Gestärkt aus der Krise

Im freiburgischen Familienbetrieb konnten alle Mitarbeitenden ihre Arbeit dank des neuen Geschäftszweigs behalten. «Von April bis August 2020 haben uns die Plexiglas-Schutzscheiben wirtschaftlich über Wasser gehalten», sagt Hofmann. Die Nachfrage nach den Schutzvitrinen hat seither deutlich abgenommen. Im Gegenzug zog aber das traditionelle Geschäft der Werbeinstallation, Tankstellen-Identifikation und Signaletik wieder an. Mittlerweile laufe der Betrieb wieder in gewohnten Bahnen, und man sei auf dem Niveau wie vor Corona, sagt Hofmann.

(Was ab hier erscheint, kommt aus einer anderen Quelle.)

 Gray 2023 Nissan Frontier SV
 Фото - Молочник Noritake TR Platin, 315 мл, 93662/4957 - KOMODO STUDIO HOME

Manchmal, wenn Christophe Hofmann allein in seinem Büro sitzt, kann er selber kaum glauben, wie schnell sich die Dinge verändert haben. Im Sommer 2020 musste er alles dafür tun, das Geschäft am Laufen zu halten und Kurzarbeit bei seinen Mitarbeitenden zu vermeiden. Und jetzt – ein Jahr später – hat er gerade die grösste Akquisition seit der Geschäftsgründung vor 23 Jahren getätigt und zwei seiner grössten Konkurrenten übernommen. Er habe seine Vision für den Betrieb nie aus den Augen verloren, sagt der Unternehmer. Das sei das Wichtigste – auch für die Ziele mit der neuen Firmengruppe.

 

Christophe Hofmann: Inhaber und Gründer der ID Néon

Die Firma ID Néon aus Sévaz (FR) ist auf die Fertigung und Montage von Werbeträgern, Leuchtschriften, Signaletik und Tankstellen-Identifikation spezialisiert. Geschäftsführer und Inhaber Christophe Hofmann gründete die Firma 1998. Damals hatte er einen Werbekunden, den er allein betreute. Bald kamen weitere Kunden und Mitarbeitende dazu. Im Sommer 2021 hat ID Néon die beiden ebenfalls in der visuellen Werbung tätigen Schweizer Firmen Westiform und Nicklex übernommen. Das Unternehmen beschäftigt seither über 200 Mitarbeitende an verschiedenen Standorten in der Romandie und der Deutschschweiz.